Для Буша Россия Путина является партнером в борьбе против террора и помехой в борьбе, наполненной риторикой о свободе. Нападение террористов на школу в Беслане, возможно, способствовало победе Буша на выборах: президент постоянно говорил в своих речах об этом событии, имея в виду состоятельные пригороды Америки. Это было воплощением ужасов родителей американских детей, Басаев и Усама превращались для них в единое целое. Буш всегда исходил в своей политике в отношении России из предположения, что она после выхода из Афганистана в 1989 году охвачена такими же страхами, исторически обоснованным психозом, появляющимся при мысли о продвижении радикального ислама. Поэтому с той поры он видел и видит в империи, испытывающей неуверенность, естественного партнера.

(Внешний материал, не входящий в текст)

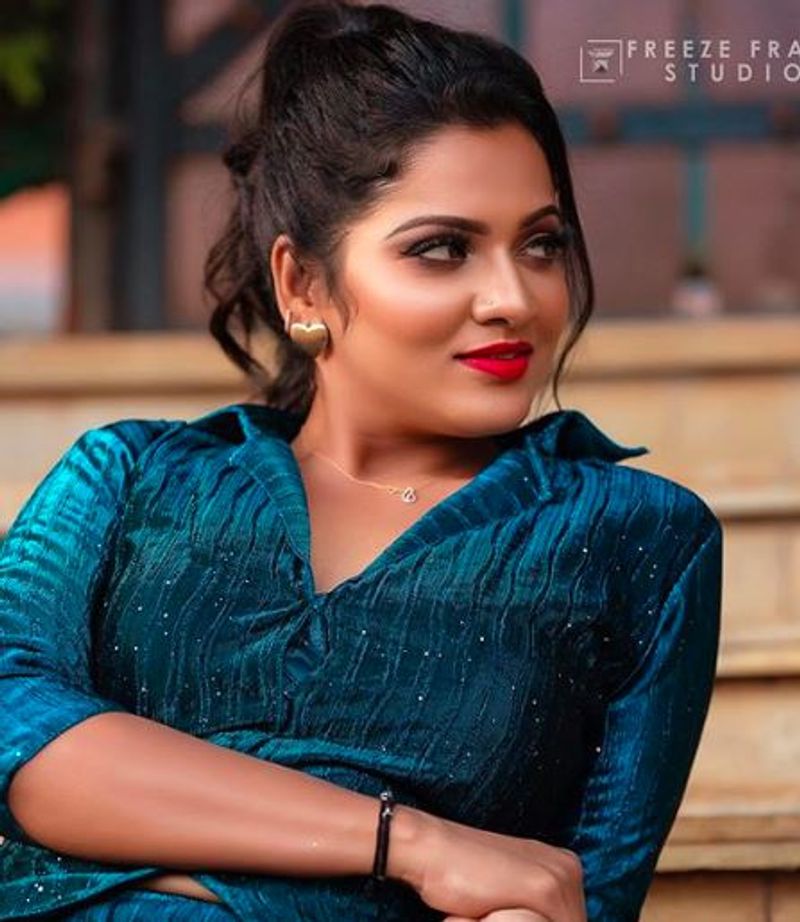 மயில் பச்சை நிற உடையில்... பளீச் புகைப்படம்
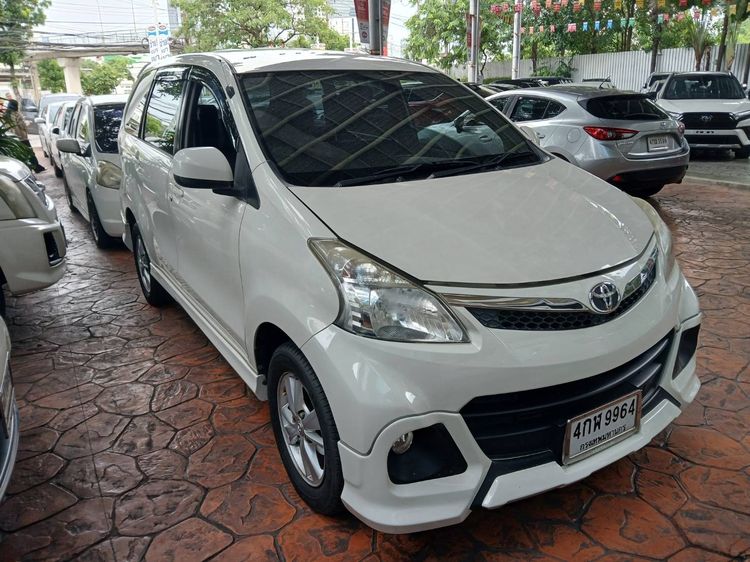 รถ Toyota Avanza 1.5 S Touring สี ขาว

Сюда следует отнести петербургские договоренности об утилизации ядерных отходов в России и о совместных действиях, направленных на противодействие ядерным амбициям террористических группировок. Эти договора, как и договоренность с Индией, вызовут недовольство в Конгрессе. Чтобы успокоить Конгресс, Буш отправляет в качестве авангарда Чейни (Cheney). Психологические последствия великодержавной политики Путина в Европе не остаются не замеченными в Белом доме. На долю Чейни выпала неприятная миссия дать этому резкое выражение, он это сделал, находясь на литовской земле. Чейни - человек именно для таких задач, Буш проявляет официально сдержанность. Дистанция к партнеру, имеющему общие интересы по ключевому вопросу внешней политики Буша, вопросу терроризма, - это акт поддержания баланса, здесь Бушу в его действиях не мешает даже массированная критика, раздающаяся из его собственных рядов. Небольшим, но отмеченным консерваторами доказательством этого является нежелание, с которым Белый дом только после серьезного давления предал огласке документы режима Саддама. Буш, конечно, понимает, что в них может обнаружиться: Москва была на стороне Саддама. Но не в интересах Буша, чтобы быть из-за этого прошлого освистанным недовольной публикой.
У США, по мнению Буша, есть выбор: они или сохраняют критическую лояльность Москве до той степени, которая позволяет Путину проводить независимую политику по отношению к Вашингтону, Европе и Китаю. Это включает в себя строительство демократии, не совпадающей по своей форме с демократией в Америке. Или же США берут открыто конфронтационный курс и вынуждают Путина идти на более тесный союз с Китаем. Пекин был бы надежным, сильным в финансовом отношении покупателем с долгосрочными интересами энергетических ресурсов России. Если бы дело дошло до перевеса китайских интересов к России, у Китая появился бы рычаг, позволяющий играть на евразийском континенте господствующую роль.
Увидеть еще раз обнимающихся Путина и Буша не придется. Однако если Буш взглянет на себя в зеркало, то обнаружит в своих глазах такие же чувства, как и те, которые он приписывает Путину. Наследие Мао (Mao) и идеология Усамы вынуждают обоих идти на решительное отстаивание своих собственных интересов. У такой политики не всегда приветливое лицо. Но за спиной они затем все же тайно пожимают друг другу руку.